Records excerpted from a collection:
■ ■ ■

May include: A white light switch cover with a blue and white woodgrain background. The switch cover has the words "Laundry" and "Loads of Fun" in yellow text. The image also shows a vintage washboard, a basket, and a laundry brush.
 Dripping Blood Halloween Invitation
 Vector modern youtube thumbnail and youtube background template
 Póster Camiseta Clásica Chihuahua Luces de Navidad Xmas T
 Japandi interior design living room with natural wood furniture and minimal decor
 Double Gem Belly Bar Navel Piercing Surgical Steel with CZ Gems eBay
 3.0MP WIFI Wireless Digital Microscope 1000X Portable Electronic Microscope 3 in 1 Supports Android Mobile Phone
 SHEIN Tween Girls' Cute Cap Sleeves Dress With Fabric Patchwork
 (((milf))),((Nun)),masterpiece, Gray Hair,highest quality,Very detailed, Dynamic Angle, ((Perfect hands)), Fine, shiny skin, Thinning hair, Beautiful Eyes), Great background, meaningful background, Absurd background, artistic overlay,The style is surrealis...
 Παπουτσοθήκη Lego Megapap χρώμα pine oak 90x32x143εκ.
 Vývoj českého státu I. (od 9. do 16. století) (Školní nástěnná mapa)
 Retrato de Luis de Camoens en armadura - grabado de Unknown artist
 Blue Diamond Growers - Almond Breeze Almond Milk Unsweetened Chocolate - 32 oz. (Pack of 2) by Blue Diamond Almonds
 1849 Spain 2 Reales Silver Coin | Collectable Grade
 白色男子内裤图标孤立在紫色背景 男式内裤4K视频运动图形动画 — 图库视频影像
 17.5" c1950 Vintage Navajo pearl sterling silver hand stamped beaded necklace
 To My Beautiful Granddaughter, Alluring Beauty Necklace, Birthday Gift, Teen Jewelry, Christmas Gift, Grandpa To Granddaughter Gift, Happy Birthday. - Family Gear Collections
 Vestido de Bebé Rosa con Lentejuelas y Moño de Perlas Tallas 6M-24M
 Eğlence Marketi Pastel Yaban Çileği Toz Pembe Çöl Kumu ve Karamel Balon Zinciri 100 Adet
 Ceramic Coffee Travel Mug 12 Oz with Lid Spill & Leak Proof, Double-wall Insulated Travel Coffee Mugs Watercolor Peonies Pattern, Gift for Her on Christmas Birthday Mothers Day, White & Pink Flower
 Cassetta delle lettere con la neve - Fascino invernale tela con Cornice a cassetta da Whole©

■ ■ ■

# [Problem]
Lines with the word "Beautiful": copy each one from the data above.

# [Task answer]
 (((milf))),((Nun)),masterpiece, Gray Hair,highest quality,Very detailed, Dynamic Angle, ((Perfect hands)), Fine, shiny skin, Thinning hair, Beautiful Eyes), Great background, meaningful background, Absurd background, artistic overlay,The style is surrealis...
 To My Beautiful Granddaughter, Alluring Beauty Necklace, Birthday Gift, Teen Jewelry, Christmas Gift, Grandpa To Granddaughter Gift, Happy Birthday. - Family Gear Collections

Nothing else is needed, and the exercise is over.